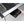 Hand sliding a black tray into a Snow Peak metal camping table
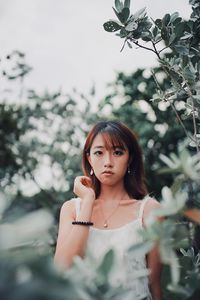 Portrait of beautiful young woman standing by plants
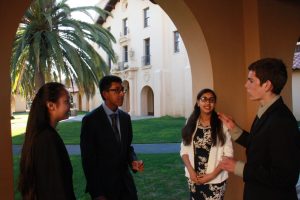 Four Foothill junior varsity debaters compare rounds. Credit: Anna Lapteva / The Foothill Dragon Press.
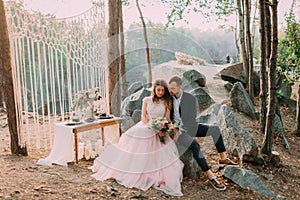 Attractive couple newlyweds, happy and joyful moment. Man and woman in festive clothes sit on the stones near the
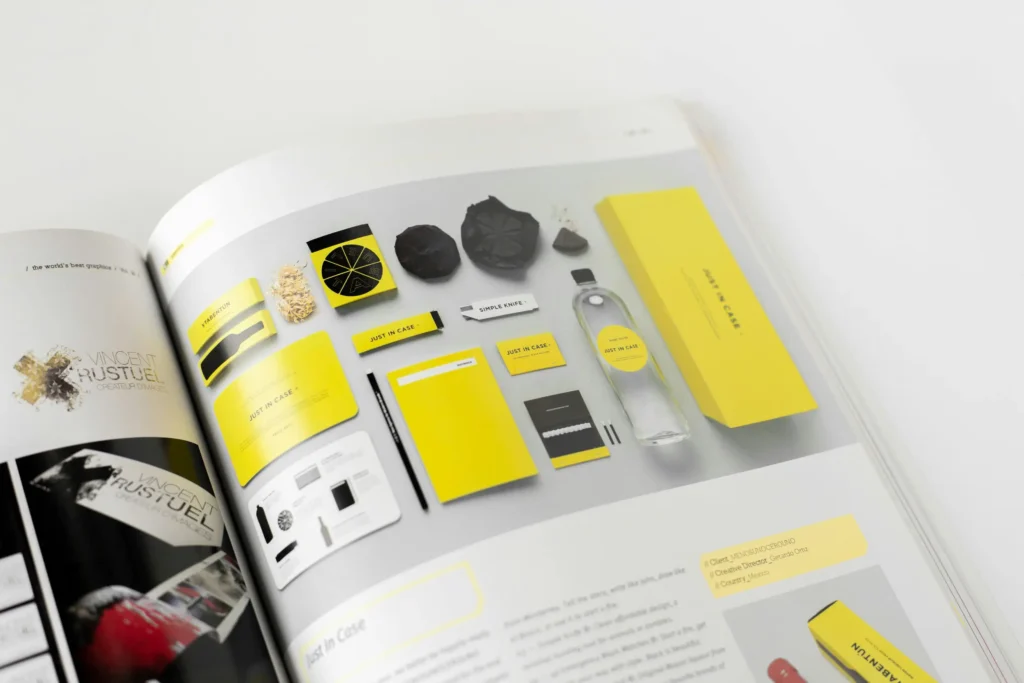 An open design book displaying a flat lay photograph of a yellow and black branding kit that includes boxes, a water bottle, and a pencil, with the text "JUST IN CASE" printed on several items. This image is included in "Product Photography for Wholesale Line Sheets" in Dropicts.com website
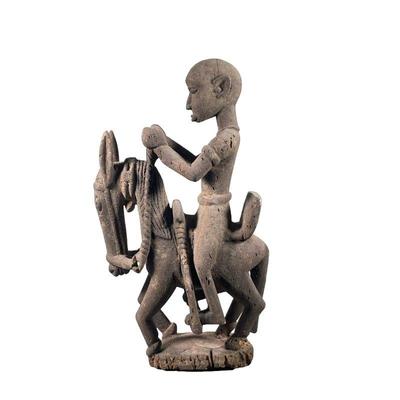 AFRICAN CARVED WOOD FIGURINE | Showing man riding horse with elongated face mounted to black stand. - l. 12.5 x w. 8 x h. 24 in 
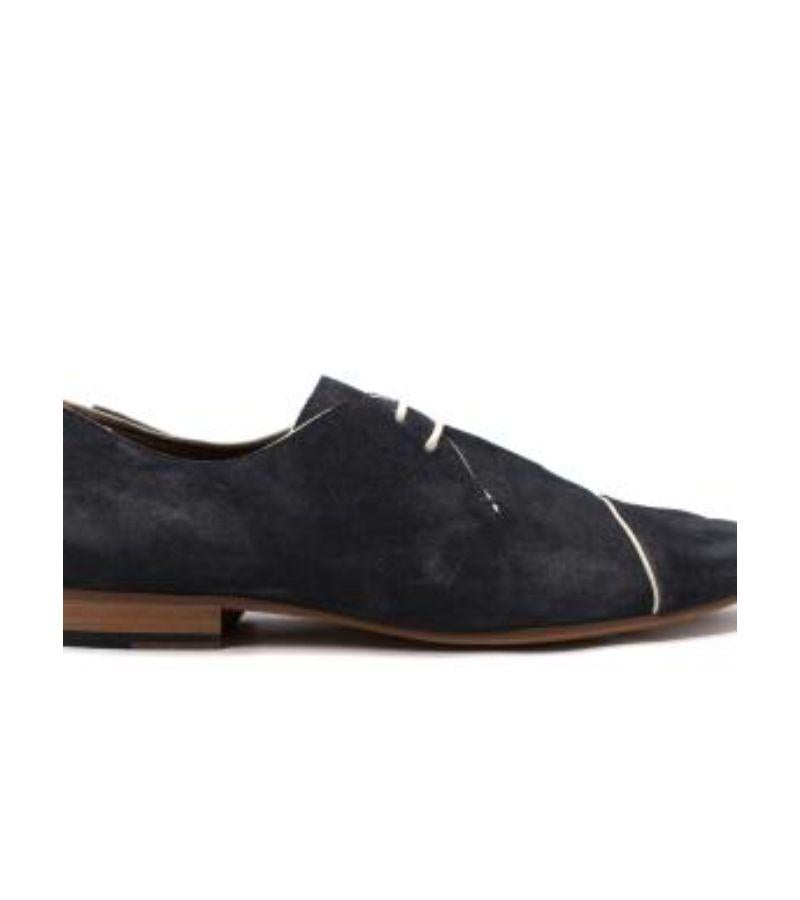 Lanvin Navy Suede White Trim Oxford Brogues

- Navy suede Oxford brogues with white piped detail with leather sole and low stacked heel

Materials 
100% Suede 

Made in Portugal 

PLEASE NOTE, THESE ITEMS ARE PRE-OWNED AND MAY SHOW SIGNS OF BEING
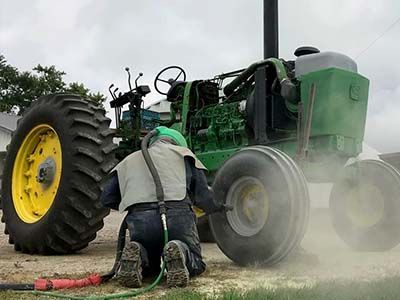 A man is kneeling in front of a green tractor.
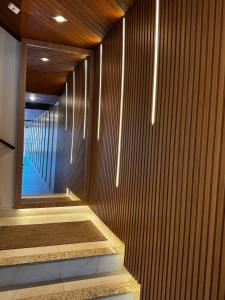 a bathroom with a wooden wall and a mirror at Apartamento Mar grosso 100 metros do MAR in Laguna +26 photos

----

What you are asked to do:
Pick up at the line that holds "An open design" and restate each line, word for word, through the last line of the entries. Include both end lines but none of the pictures.

Task answer:
 An open design book displaying a flat lay photograph of a yellow and black branding kit that includes boxes, a water bottle, and a pencil, with the text "JUST IN CASE" printed on several items. This image is included in "Product Photography for Wholesale Line Sheets" in Dropicts.com website
 AFRICAN CARVED WOOD FIGURINE | Showing man riding horse with elongated face mounted to black stand. - l. 12.5 x w. 8 x h. 24 in 
 Lanvin Navy Suede White Trim Oxford Brogues

- Navy suede Oxford brogues with white piped detail with leather sole and low stacked heel

Materials 
100% Suede 

Made in Portugal 

PLEASE NOTE, THESE ITEMS ARE PRE-OWNED AND MAY SHOW SIGNS OF BEING
 A man is kneeling in front of a green tractor.
 a bathroom with a wooden wall and a mirror at Apartamento Mar grosso 100 metros do MAR in Laguna +26 photos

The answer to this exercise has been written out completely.